Before failing eyesight forced him into retirement in 1922 at age 74, he had proved himself the definition of a renaissance man. His career highlights include being instrumental in Alexander Graham Bell being awarded the patent for the telephone in 1876, being named a member of the inaugural group of technologists known as “Edison Pioneers,” and developing the filament that turned Edison’s electric lightbulb from an expensive novelty to a reliable, long-lasting commodity. His mechanical drawings were so exquisite that he raised drafting to the level of visual art. Meanwhile, he wrote poetry, played the flute, became a renowned public intellectual writing about the confluence of art and science, and even taught himself to speak French well enough to supervise an electrical lighting installation working with francophones in Montreal.
A 70-year-old Latimer [in the foreground seated at the right side of the table] was photographed along with other Edison Pioneers in 1918.Lewis Latimer House/Alamy
Unlike his Black contemporary Granville T. Woods , whose fierce independence left him with few resources and helpful contacts, Latimer inserted himself into positions where he used his unrivaled experience and expertise to elevate others. He advanced himself by helping to preserve the legacies of other inventors, many of whom are regarded as the leading innovators of their time. What would the name Alexander Graham Bell mean to us today if Lewis Latimer wasn’t there providing the invaluable assistance that helped Bell win the race to patent the telephone? The same could be asked regarding Edison’s association with the incandescent lightbulb because Latimer performed the unsung tasks of solidifying the enforceability of Edison General Electric’s patent holdings and putting a league of upstart indoor lighting competitors out of business. Latimer literally wrote the book on electric lighting at Edison’s urging: Incandescent Electric Lighting: A Practical Description of the Edison System was published in 1890 by the Van Nostrand Company, a leading publisher of trade, technical, and scientific books in the 19th century.
There’s also the matter of Latimer’s own indispensable invention: a process for producing an improved carbon filament for bulbs that made them longer lasting, cheaper, and accessible by the masses just in time for the large-scale electrification efforts in the United States.

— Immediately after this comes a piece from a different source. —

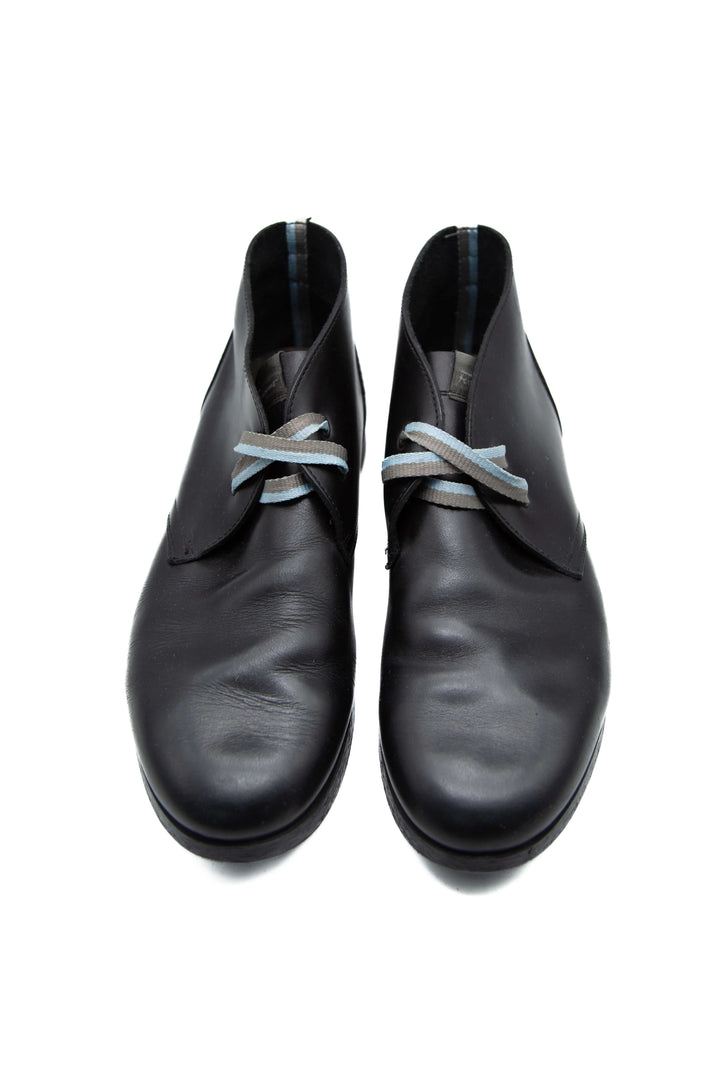 Botín Ferragamo negro, vista lateral interior
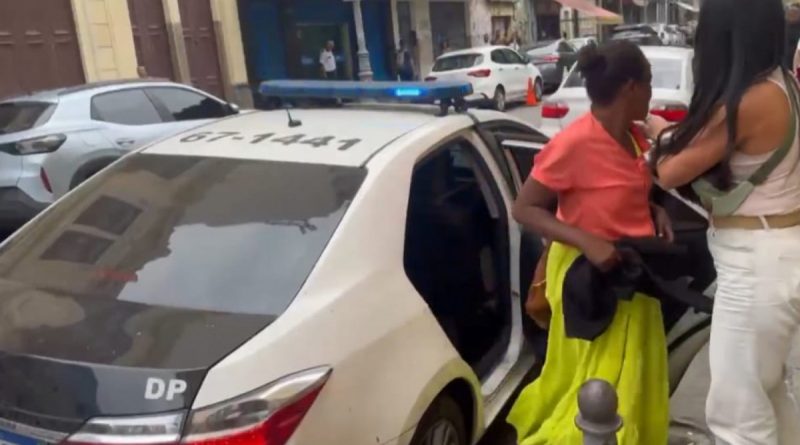 Presa mulher suspeita de aliciar menores para exploração sexual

Latimer’s Troubled Beginnings
Latimer, the fourth of four children of George and Rebecca Latimer, was born in Chelsea, Mass., on 4 September 1848. Both parents were fugitives, having finally escaped enslavement in Virginia after several unsuccessful attempts. As fate would have it, George was spotted in Boston one day by an acquaintance of the human trafficker who had once held him in bondage. Before Latimer could be returned to Virginia to the control of his former enslaver, a league of abolitionists including Frederick Douglass and William Lloyd Garrison rallied around him, making him a cause célèbre. A Black Boston minister paid to free him. But the existential dread associated with being a Black man without documents certifying that he was free became more pitched when the U.S. Supreme Court, in the 1857 Dred Scott v. Sandford decision, ruled that an enslaved person was not made free by entering a state whose laws forbid slavery. Understanding that Massachusetts, a “free” state, was not the safe haven he once imagined it to be, George Latimer chose to leave Rebecca and their four children rather than see his precarious legal status put them in the crosshairs of mercenary slave catchers.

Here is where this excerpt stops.